▶ _DATA PROVIDED_:
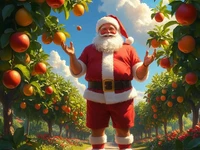 Дед Мороз летом в фруктовом саду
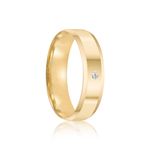 Aliança Ouro 18k Individual  Reta  5,5mm  Diamante  1,5  pts  (801956/1957)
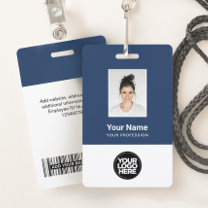Custom Employee Photo, Bar Code, Logo, Name Badge
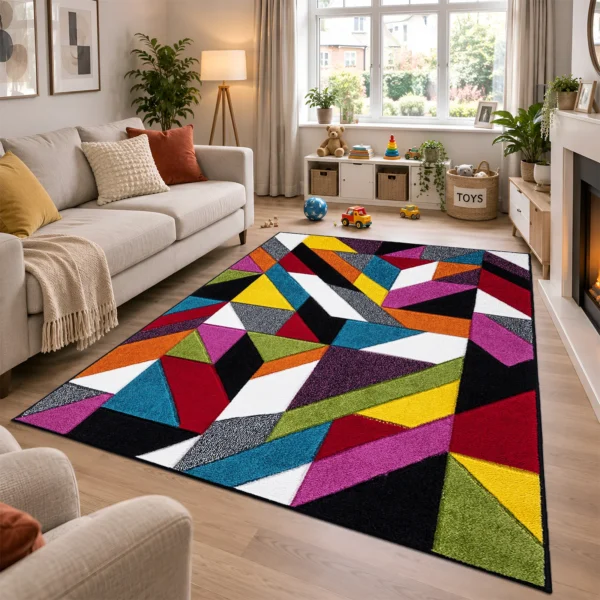 Multi Groove multicolour geometric rug 160 x 230 cm, medium pile with jute backing, in a living room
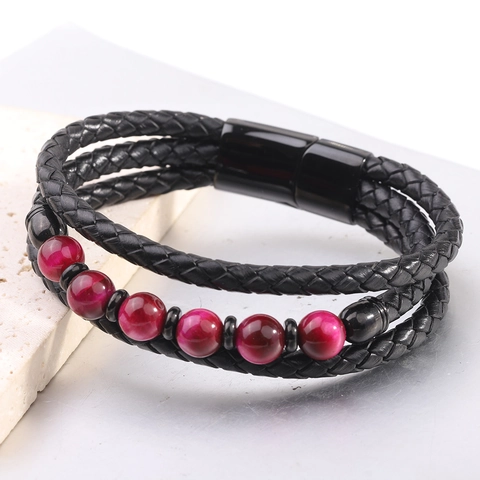 Pulsera de Cuero Trenzado de Varias Capas para Hombre Con Cuentas de Piedra Natural Estilo Geométrico Retro Joyería Regalo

▶ _YOUR ASSIGNMENT_: Please restate word for word the lines above, starting with the line that holds "Multi Groove multicolour" and ending with the final line of the records, while leaving out pictures.

▶ _EXERCISE OUTPUT_:
 Multi Groove multicolour geometric rug 160 x 230 cm, medium pile with jute backing, in a living room
 Pulsera de Cuero Trenzado de Varias Capas para Hombre Con Cuentas de Piedra Natural Estilo Geométrico Retro Joyería Regalo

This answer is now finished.